I tend to always be thinking about something or someone and blah. My mind never leaves me alone. I wish it did but it does not. Sometimes I feel like its my enemy.
Anyways this post marks the first I've ever done on my phone. I always do them on my laptop. But there's a first time for everything right?
What can I say about today? I woke up and took a shower and got ready and thought about how spring break is ending. I refused to eat breakfast for no real legit reason. And I didn't eat dinner last night. Huh. Cray Cray.
Today we went and visited my grandma and took her out. It was nice. It was really nice. It was a good day. But I kept thinking about my grandpa. And how much I miss him. And how things have changed. And I hate it.
But the one good thing that came out of it was that it was an enjoyable day. It started to feel like things could go back to normal with taking my grandma out and not being depressed about my grandpa. It gives me hope for the future.
I miss him though. And I still see things that remind me of him.
I ran into a friend at the store and it was a pleasant surprise. And I also went and got an application for Barnes & Nobles. Wish me luck.
I spent some time today evaluating myself as a person. And I came to the conclusion that things need to change. More on that some other day.
Then I got into an argument with someone and honestly it ruined my whole day. I stayed cooped up in my room afterwards not texting anyone or talking to anyone.
And its times like that when I start overthinking. And its stupid of me.

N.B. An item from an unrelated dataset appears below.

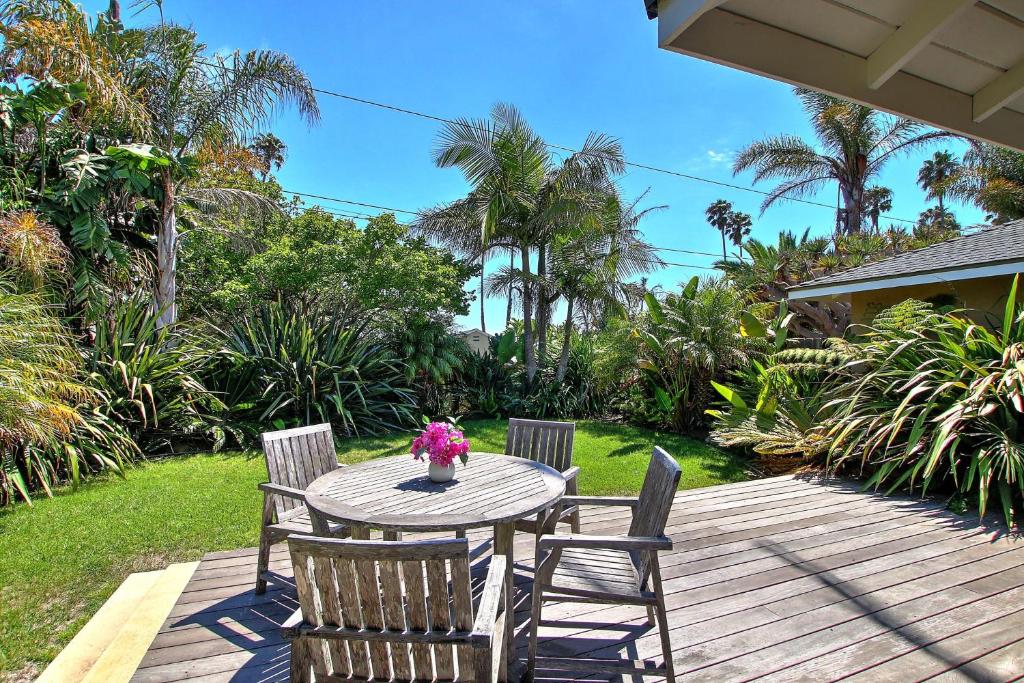 a wooden table and chairs on a deck at Little Palm Cottage in Santa Barbara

But I beat myself up (mentally not physically)
And I basically have a pity party for myself. And I get lonely...no other way to describe it.
And I start hoping and wishing that someone would sense that I'm feeling crappy and they'd text me. Or call and then I'd have someone telling me it'd all be ok.
Once upon a time when I felt like this I would try to talk to someone. And I'd tell.them my problems. But as time went on I figured that I was annoying people and once it blew up in my face. So I stopped opening up. And for the longest time I didnt go to anyone. I kept it all inside.
And now every once in a while I'll talk. But for the most part I just keep it locked inside while I think about it and dark thoughts run through my head.
But I'm fine. I'll be fine. And I know if I keep telling myself that I will be.
And for now I'm just thankful for this blog. I can pour my feelings into it and I don't have to burden anyone with my petty issues.